The annual CLPE Reflecting Realities Survey reports an increase in minority representation in children's books for 4th consecutive year.
The number of children's books featuring a minority ethnic character is growing, from 10% in 2019 to 15% in 2020. This is a significant increase in minority representation in children's books from the 4% reported in the inaugural report in 2017.
However, while there has been a significant increase in minority representation in Picture Books and Non-Fiction, the percentage of characters from a minority ethnic background in Fiction remains static.
The CLPE survey, which is funded by Arts Council England, identifies and evaluates representation within Picture Books, Fiction and Non-Fiction for ages 3-11. It also reports that 8% of the books published in 2020 featured an ethnic minority main character, up from 1% in 2017.

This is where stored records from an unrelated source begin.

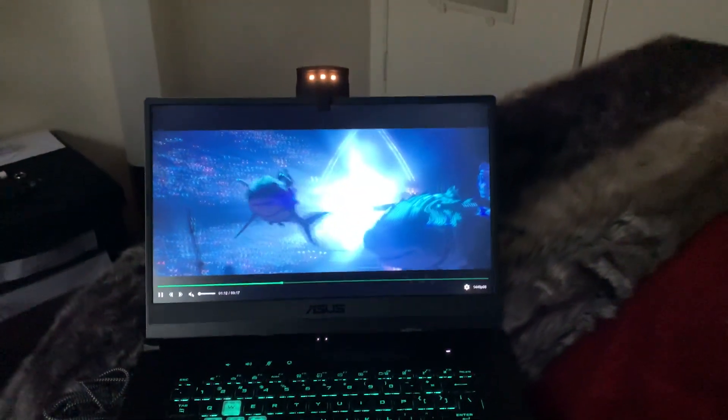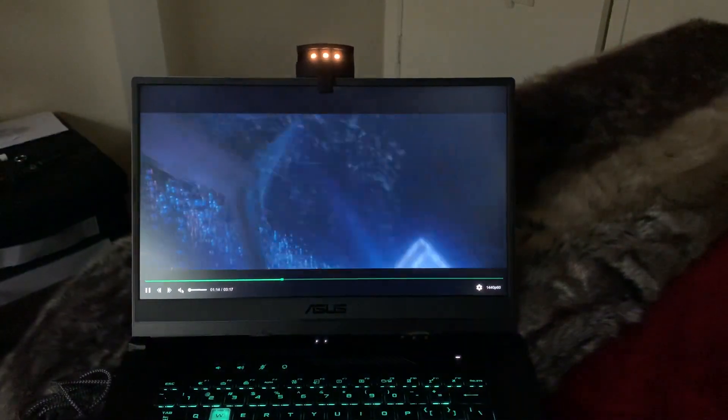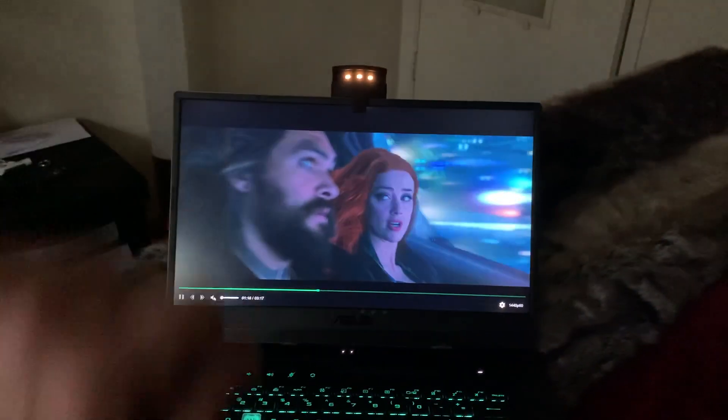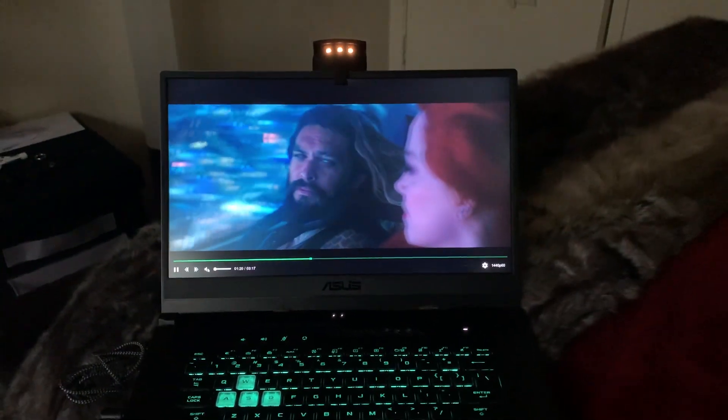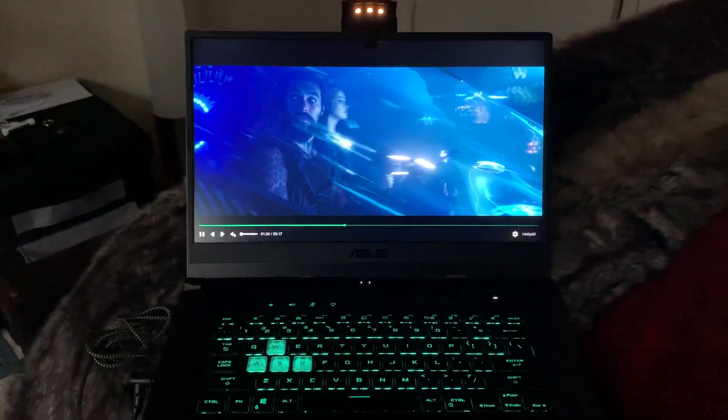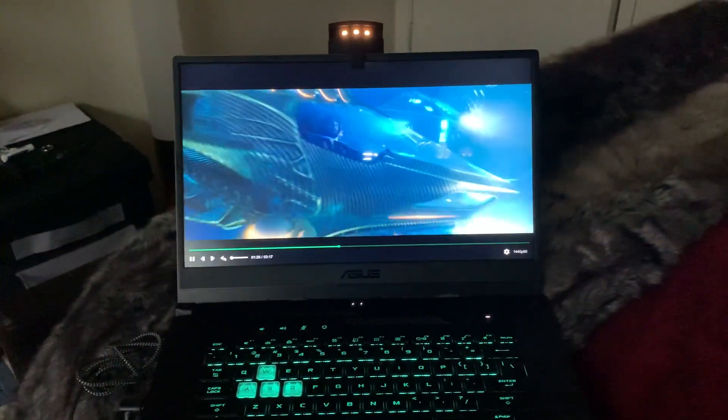Hey everyone, just a quick update on some testing that I've been doing. I've been able to successfully sync the sync device onto a slow IPS panel on my laptop to watch 3D movies, which is pretty fantastic.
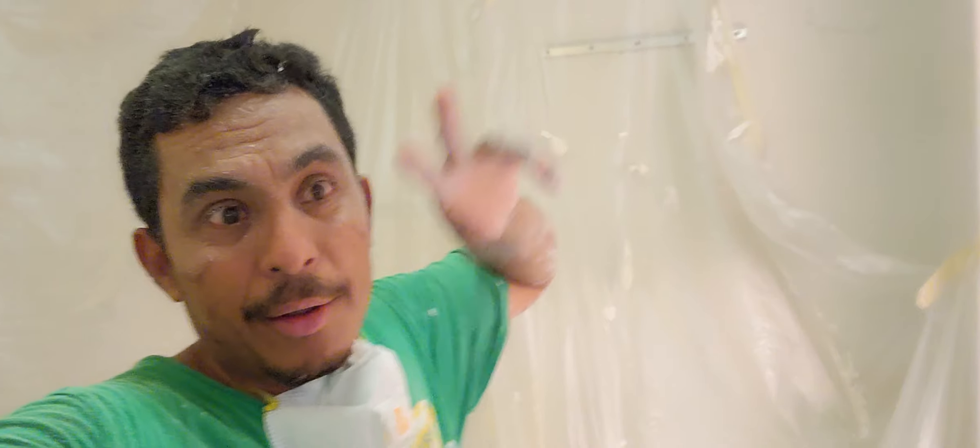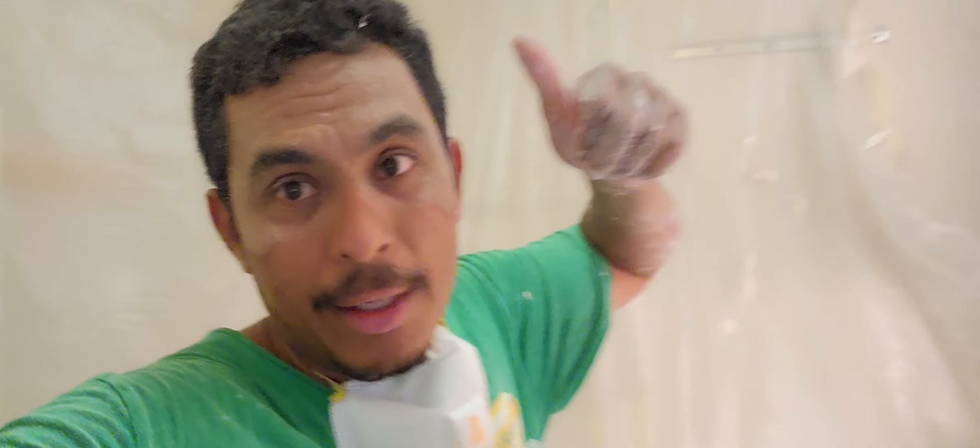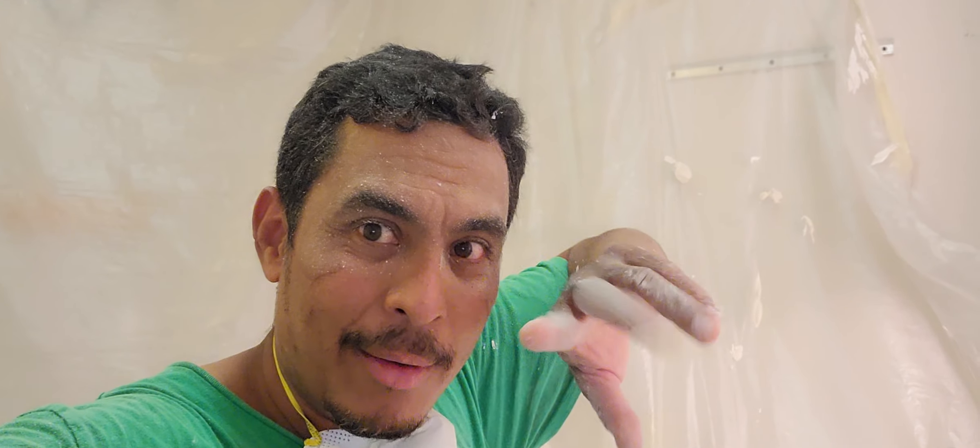I hope you like the videos. Don't forget to subscribe and give it a like, and see you in the next video. Bye!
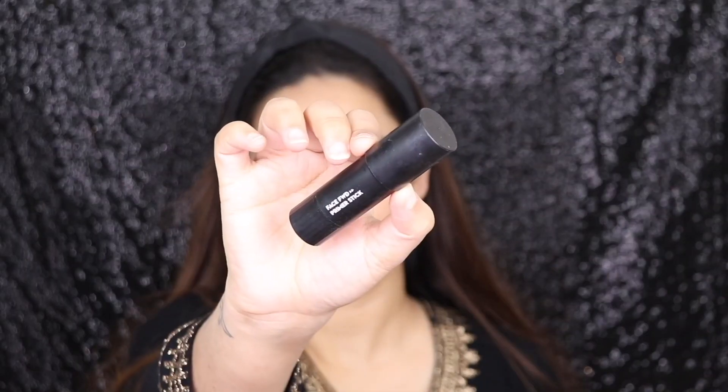Hi guys, I hope you all are doing well. For today's video, I recreated Kareena Kapoor Khan's Kurban movie look and I absolutely love how it turned out. I used only Sugar Cosmetic products to achieve this look, and if you want to know how I achieved it, then please continue watching.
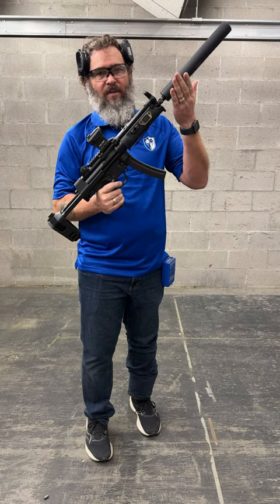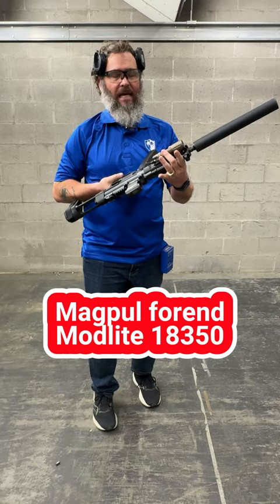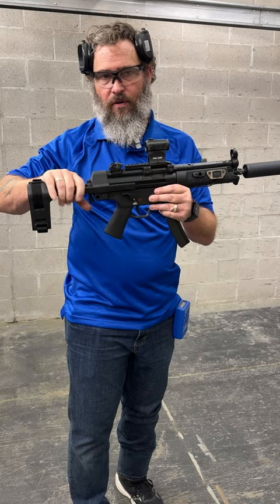On the video about home defense suppressors, several people have asked me about this setup. This is an HK SP5 with a Magpul A-end. It has a Modlite 18350 light with a PLHB2 head on it and a pressure switch, a B&T MP5SD suppressor. It's got a Holosun 503 on their optic mount and an SP tactical brace, which as of the time of posting this is completely legal to own and have on your pistol.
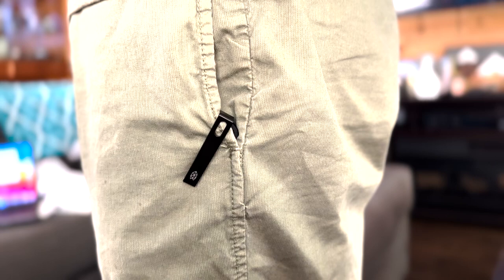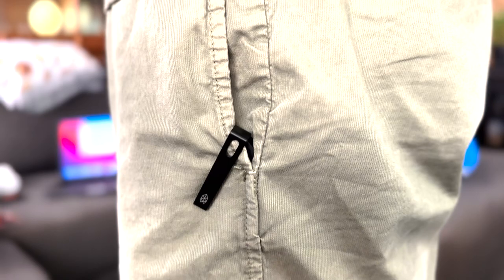One of my favorite features of the Carter knife is the pocket clip. The clip is reversible, so you can either carry it tip up or tip down, depending on your preference. It is also low profile, so it won't stick out of your pockets and draw any unwanted attention.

In the four years since its launch, the Reflecting Realities Survey has had a significant impact, helping to ensure that all children have the opportunity to see themselves represented in the books they read. The survey provides a benchmark to track and understand progress and also provides a 'toolkit' to support publishers and educators in the move towards more inclusive literature.
There is still some way to go before UK children's books more accurately reflect the reality of the school population of England, but the speed of change in representation over the last few years suggests that the survey has a tangible impact across the publishing, charity and literature sectors.
Researching the impact of representative literature
CLPE has also announced that, following its research programme, it will work with 10 schools to support the reading journeys of 300 pupils across a three-year period to test what happens when children have the opportunity to engage with quality representative literature. It will use the results to track the impact of quality, representative literature on their reading and writing. The initial findings from this work will be published by Sage in a new book from CLPE in 2023.
CLPE's CEO Louise Johns-Shepherd, said, "We can see that, across the industry, there are real and concerted efforts to change the quality of pictures, descriptions and stories of people from racialized minorities." However, she added, "We are not yet at the point where children of colour have the same experience of literature as their white peers. The survey shows us that work is still needed."
As well as looking at representation of characters, Johns-Shepherd said, "We need to look at who gets to write and illustrate the books; where the opportunities in the publishing industry are; who chooses what gets published, marketed, publicised, stocked and sold - all of these things go towards making a change to what actually gets into bookshops, libraries, classrooms and homes."